* [Task statement]: Begin your transcription at the line containing "从军记 - 国产剧 (2011) 海报" and continue it, word for word, to the final line below. Include only those lines and skip the pictures.
[[ Data records, beginning ]]
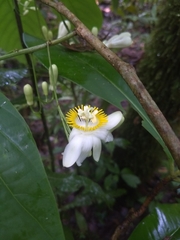 Passiflora arborea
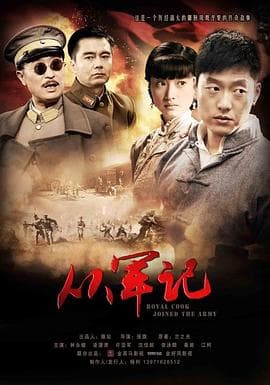 从军记 - 国产剧 (2011) 海报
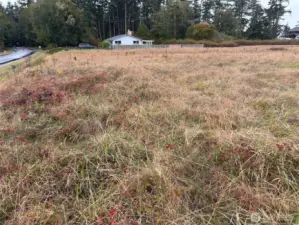 Vacant level lot.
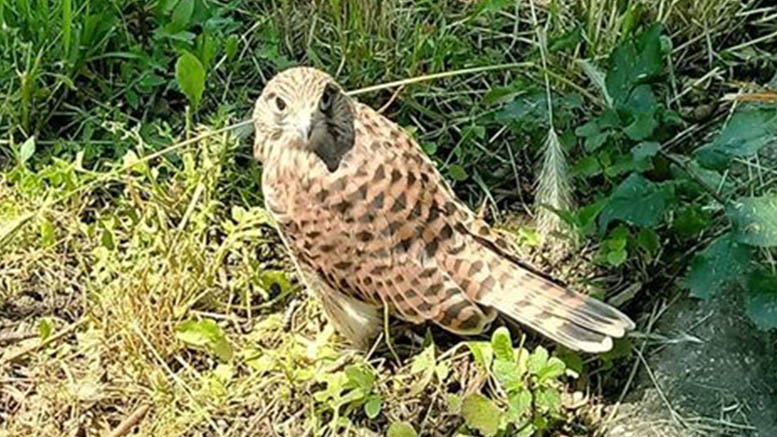 FOTO. Întâlnire mai puțin obișnuită la Piața Someș. Față în față cu o pasăre răpitoare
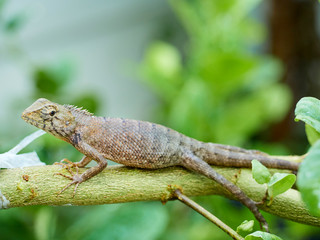 chameleon is on the branch. close up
[[ Data records, end ]]
* [Answer]:
 从军记 - 国产剧 (2011) 海报
 Vacant level lot.
 FOTO. Întâlnire mai puțin obișnuită la Piața Someș. Față în față cu o pasăre răpitoare
 chameleon is on the branch. close up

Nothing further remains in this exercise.